La voz le salió de lo más profundo del alma.
Como si todavía estuviera discutiendo con su madre.
—¡Doug!
Desde el otro lado, el tono era sereno.
—Hola, Grace.
—¿Qué pasa? ¿Estás bien? —Se aferró al móvil como si fuera el único punto seguro y estable de su entorno—. Empezaba a estar preocupada.
—Estoy bien, tranquila.
—Joder, Doug...
—Han sido los exámenes, el trabajo...
—Los exámenes acabaron la semana pasada.
—Bueno, pero no han ido como esperaba.
—¿En serio? —No podía creerlo.
—Nervios de última hora.
El tono de su novio seguía siendo calmado.
Casi impersonal.
Le conocía bien. Tres años eran tres años. El último antes de que él se marchara a la universidad había sido el más intenso de su vida.

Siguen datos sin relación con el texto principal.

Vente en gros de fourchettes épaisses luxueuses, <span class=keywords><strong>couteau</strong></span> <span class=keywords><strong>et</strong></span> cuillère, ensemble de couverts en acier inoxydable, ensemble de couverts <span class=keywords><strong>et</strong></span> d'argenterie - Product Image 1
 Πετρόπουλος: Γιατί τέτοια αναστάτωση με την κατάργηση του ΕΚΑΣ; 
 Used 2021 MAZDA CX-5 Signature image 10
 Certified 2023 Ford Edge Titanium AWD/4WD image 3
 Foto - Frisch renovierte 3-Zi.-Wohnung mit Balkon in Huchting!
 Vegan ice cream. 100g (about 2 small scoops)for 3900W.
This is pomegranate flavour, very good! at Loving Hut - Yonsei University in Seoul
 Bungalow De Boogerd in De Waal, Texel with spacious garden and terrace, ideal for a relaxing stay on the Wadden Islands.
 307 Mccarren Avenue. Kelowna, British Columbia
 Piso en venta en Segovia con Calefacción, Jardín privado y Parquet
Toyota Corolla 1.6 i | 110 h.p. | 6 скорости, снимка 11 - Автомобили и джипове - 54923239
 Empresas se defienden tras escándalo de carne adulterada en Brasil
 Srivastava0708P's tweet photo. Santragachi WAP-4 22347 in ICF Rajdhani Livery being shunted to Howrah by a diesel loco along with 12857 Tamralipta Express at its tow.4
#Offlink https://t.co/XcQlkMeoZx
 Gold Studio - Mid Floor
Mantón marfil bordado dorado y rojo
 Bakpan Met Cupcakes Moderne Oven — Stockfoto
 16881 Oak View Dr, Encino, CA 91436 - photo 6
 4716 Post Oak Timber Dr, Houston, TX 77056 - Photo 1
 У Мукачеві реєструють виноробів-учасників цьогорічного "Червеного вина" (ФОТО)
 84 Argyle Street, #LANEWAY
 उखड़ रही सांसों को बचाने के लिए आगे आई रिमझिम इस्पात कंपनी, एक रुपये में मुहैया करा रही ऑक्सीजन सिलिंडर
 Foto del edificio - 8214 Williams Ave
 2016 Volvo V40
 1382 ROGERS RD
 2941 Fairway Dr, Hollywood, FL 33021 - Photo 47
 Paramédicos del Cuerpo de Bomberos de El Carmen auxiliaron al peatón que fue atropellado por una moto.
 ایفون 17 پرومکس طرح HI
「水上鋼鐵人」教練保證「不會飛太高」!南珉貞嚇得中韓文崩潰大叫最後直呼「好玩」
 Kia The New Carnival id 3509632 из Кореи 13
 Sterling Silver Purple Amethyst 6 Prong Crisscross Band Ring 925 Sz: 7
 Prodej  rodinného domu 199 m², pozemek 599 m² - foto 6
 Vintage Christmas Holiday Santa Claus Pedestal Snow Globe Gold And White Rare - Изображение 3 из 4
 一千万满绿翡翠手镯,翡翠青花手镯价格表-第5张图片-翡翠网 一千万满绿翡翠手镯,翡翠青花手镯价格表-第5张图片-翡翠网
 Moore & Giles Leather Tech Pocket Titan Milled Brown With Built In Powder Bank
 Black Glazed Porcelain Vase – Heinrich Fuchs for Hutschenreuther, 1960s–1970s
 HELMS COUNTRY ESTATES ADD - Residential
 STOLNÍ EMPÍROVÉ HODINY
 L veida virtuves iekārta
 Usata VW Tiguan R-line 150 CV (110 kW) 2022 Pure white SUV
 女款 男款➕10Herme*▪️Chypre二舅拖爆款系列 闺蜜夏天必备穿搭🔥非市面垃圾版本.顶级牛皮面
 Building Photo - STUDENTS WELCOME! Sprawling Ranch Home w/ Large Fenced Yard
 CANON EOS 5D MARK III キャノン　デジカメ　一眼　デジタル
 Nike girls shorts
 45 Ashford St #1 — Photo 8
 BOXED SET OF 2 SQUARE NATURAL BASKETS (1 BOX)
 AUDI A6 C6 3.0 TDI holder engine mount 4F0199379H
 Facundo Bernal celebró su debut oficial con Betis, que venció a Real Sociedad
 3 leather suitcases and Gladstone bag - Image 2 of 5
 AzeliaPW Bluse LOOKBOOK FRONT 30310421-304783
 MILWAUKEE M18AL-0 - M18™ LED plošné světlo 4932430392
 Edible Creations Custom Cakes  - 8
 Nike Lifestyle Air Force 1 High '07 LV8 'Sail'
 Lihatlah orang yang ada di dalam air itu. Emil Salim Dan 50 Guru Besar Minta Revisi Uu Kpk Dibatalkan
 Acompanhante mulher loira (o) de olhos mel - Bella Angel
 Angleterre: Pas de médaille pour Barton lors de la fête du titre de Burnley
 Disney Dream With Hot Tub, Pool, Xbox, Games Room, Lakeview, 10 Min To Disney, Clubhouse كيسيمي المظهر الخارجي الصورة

Una absoluta fuerza desatada.
Por primera vez, se abría a la vida sin reservas, sin miedos, saliendo de la ostra en la que vivía encerrada y rompiendo el caparazón bajo el que se protegía.
—Doug, ¿qué te sucede?
Volvió a responder:
—Nada.
Y esta vez, Grace supo que era falso.
Que sí sucedía algo.
Cerró los ojos.
—Yo ya he acabado las clases y... Da igual, ¿cuándo vuelves?
No era una pregunta.
Era la salvación.
Pero no llegó.
—No volveré, Grace.
El cielo se estaba cerrando de manera progresiva. Sopló una ráfaga de aire muy vivo y muy frío. Se dio cuenta en ese momento porque se estremeció. Levantó la cabeza y comprendió que iba a llover, sobre todo por la noche.
—¿Qué? —balbuceó.
—No este verano, lo siento.
—¿Por qué? —soltó.
—Me voy con unos amigos a la Costa Este, y luego a Miami...
—Doug, ¿de qué estás hablando?
—Mi tía ya lo sabe —eludió otra respuesta mejor.
Grace buscó la forma de volver a recomponer los pedazos dispersos de su mente. Era como si acabasen de ser dinamitados. El puzle no era fácil de encajar, y menos sacudida por aquel vértigo. Aún sin lograrlo, encontró el hilo de la lógica y supo comprender la verdad.
—¿Quién es ella?
Al otro lado del móvil, el silencio fue ominoso.
Un silencio lleno de esquirlas y zonas aristadas.
—Doug —volvió a hablar Grace—. No te irías con nadie que no fuera otra chica.
Trató de imaginarlo.
¿Lo estaría pasando tan mal como ella?
—Voy a colgar.
—No, espera —la detuvo.
—Entonces dímelo. Al menos sé decente y no me tomes por idiota.
Las palabras sonaron como si las arrastrara por un terreno pedregoso y enfangado.
Amargas.
Reveladoras.
—Se llama Constance.
—Dios, Doug...
—Sucedió hace dos semanas y todo fue muy... No sé, rápido. Ni siquiera pensé que iba en serio. Creía que... bueno, un subidón y todo eso. Pero ha resultado que no. Ha resultado que hay algo y... Grace, ni siquiera sé qué decirte.
—¿Estudias con ella?
—Sí.
—¿De verdad te vas a la Costa Este?
—No.
—¿Adónde vas?
—A Los Ángeles, luego a San Diego.
«¿Ella vive ahí? ¿Es guapa? ¿Te lleva a casa de sus padres? ¿Tiene el cabello largo? ¿El pecho? ¿Las manos y los pies? ¿Quién dio el primer paso? ¿Vas en serio? ¿Es mejor que yo?...».
Las preguntas se apelotonaron en su garganta.
No hizo ninguna.
¿Para qué?
—Perdóname, Grace.
Fue lo último que escuchó antes de cortar la comunicación.
Odiaba la palabra «perdón».
Siempre la había odiado.
La vida estaba llena de decisiones, de cosas que se aceptaban o no. Acciones y reacciones. Punto. Pedir perdón no servía de nada. El que lo pedía buscaba salvarse a sí mismo, no ayudar al otro. Salvarse a costa del hundimiento ajeno.
Cornuda y apaleada.
No había nada que perdonar.
Solo tragar toda aquella mierda como fuera y lo antes posible.